Cigna has launched a program intended to cap out-of-pocket expenses for diabetes patients who are reliant on insulin.
Under the Patient Assurance Program, announced Wednesday by Cigna in partnership with Express Scripts, eligible people with diabetes in participating plans will pay no more than $25 for a 30-day supply of insulin.
The program will be available to members in participating non-government funded pharmacy plans managed by Express Scripts, including Cigna and other health plans, with out-of-pocket costs for insulin greater than $25 out of pocket costs for insulin include deductibles, copays or coinsurance.
In most cases, people who use insulin will see lower out-of-pocket costs without any increased cost to the plan, according to the company.
Cigna and Express Scripts clients will activate this new program for participating plans by moving covered insulin products to a lower copayment. Last year, patients paid an average of $41.50 a month out of pocket, including deductibles, copays or coinsurance, for the lifesaving diabetes drug, the company said.
Cigna said individuals eligible for the new program could save approximately 40 percent.
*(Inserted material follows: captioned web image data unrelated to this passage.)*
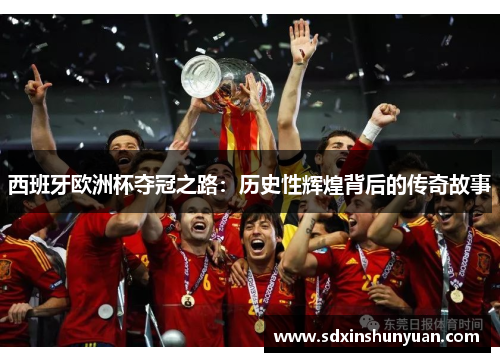 西班牙欧洲杯夺冠之路：历史性辉煌背后的传奇故事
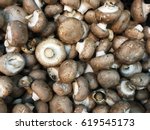 Royal Mushroom Champignons....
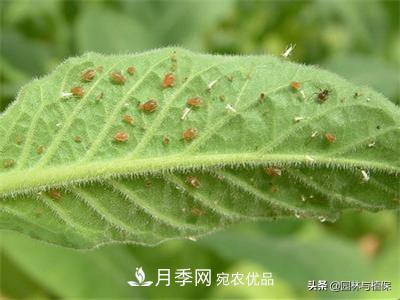 九月份15种园林苗木高发病虫害的发生与防治(图2) 九月份15种园林苗木高发病虫害的发生与防治(图2)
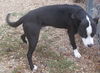Roscoe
The move follows the US Food and Drug Administration’s announcement Tuesday that it intends to bring competition to the insulin market as a way to lower prices.
Commissioner Dr. Scott Gottlieb said the FDA would change how insulin is regulated in order to enable products that are biosimilar to (or interchangeable with) insulin to come to market.
People with diabetes are prescribed insulin because their bodies either do not produce it (as with Type 1 diabetes) or do not use it properly (as with Type 2 diabetes). There are more than 20 types of insulin sold in the United States, according to the American Diabetes Association.
The annual cost of diabetes, gestational diabetes, and prediabetes in the United States skyrocketed to $322 billion in 2012, a 48 percent increase in just five years, according to the ADA.
About 31 percent of American adults with diabetes reported taking insulin in 2011, according to the US Centers for Disease Control and Prevention, while the diabetes association reported that 23.1 million Americans had been diagnosed with diabetes in 2015.
The Health Care Cost Institute, an independent research group funded by four health insurance companies, found that individuals with Type 1 diabetes spent, on average, $5,705 per person on insulin in 2016, an increase of $2,841 since 2012.
More than a quarter of the approximately 24 million Americans who are diagnosed with diabetes use insulin – alone or along with other medications – to keep their blood glucose levels in check, according to research from Express Scripts.
A recent Yale study highlighted the effects of this issue, showing that 1 in 4 people with diabetes who use insulin admitted to cutting back on the use of insulin because of cost.